Qwen 3.6 27b Breakthrough Running Local AI on nVidia DGX Spark? 文字稿

Let's say my name is Zero and on October 25th, 2025, I had a really important decision to make. I had two distinct choices, one of which was to

purchase an ounce of gold at the current market price since it seemed like it might be a good idea. The other was to pre-order an Nvidia DGX Spark,

which at the time was heralded to be this massive advancement in local AI, even though token prices were

lower than they'd been in quite some time, and I just didn't know what to do. So, let's say I made one of those choices and then sped up to today.

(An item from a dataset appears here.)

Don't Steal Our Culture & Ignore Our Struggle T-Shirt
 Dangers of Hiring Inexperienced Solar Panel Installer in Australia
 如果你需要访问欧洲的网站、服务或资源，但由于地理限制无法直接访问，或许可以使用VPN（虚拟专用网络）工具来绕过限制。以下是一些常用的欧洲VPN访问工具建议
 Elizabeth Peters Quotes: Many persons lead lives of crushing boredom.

What would that actually look like in terms of local AI? Should I have sold the gold? Should I have just bought 3090s and put those in my personal

safe instead? What would have been the better option for running Qwen 3.6 27B? Welcome to AI Flux. Let's

get into it. I would like to kindly ask that you like, subscribe, and share this video. But, let's get into the real question here of whether or not

you should have purchased gold or an Nvidia DGX Spark. So, obviously the price of gold went up a lot. It went up a lot, a lot. Approximately to the

point where it really would have cost about as much as buying an Nvidia DGX Spark at MSRP. And what's

interesting is the DGX Spark had kind of a rough launch, predominantly because most people who are running local AI, and before agentic AI was really

a big reason why people were buying GPUs, is that these users were not researchers. And researchers and people who do local AI use GPUs very

differently. And this has to do with what they're doing, right? With people who are using local AI, generally

speaking this is quantization, but mostly it's just running inference because we're using these models. We are power users of this technology to get

things out of them. And people who are researchers and who are producing models, they needed just a smaller version of a GB200 or GB300 with a very

similar shared memory architecture so that they could have a better idea of how to actually make these

models. And initially, this was a very confusing thing to local AI enthusiasts. Mostly that models that you would think would perform massively well

performed okay, and in certain cases just not very well on these systems, even if you had multiples of them, which you should watch this video if you

want to learn more about that. And what's interesting is we've finally reached a point where we're

understanding how to use these models better with the DGX Spark and these unified memory models. Now, what do I mean by unified memory? Basically, I

mean that the CPU and the GPU share the same HBM memories. So yes, there is in theory a huge speed up because everything's in the same lookup table.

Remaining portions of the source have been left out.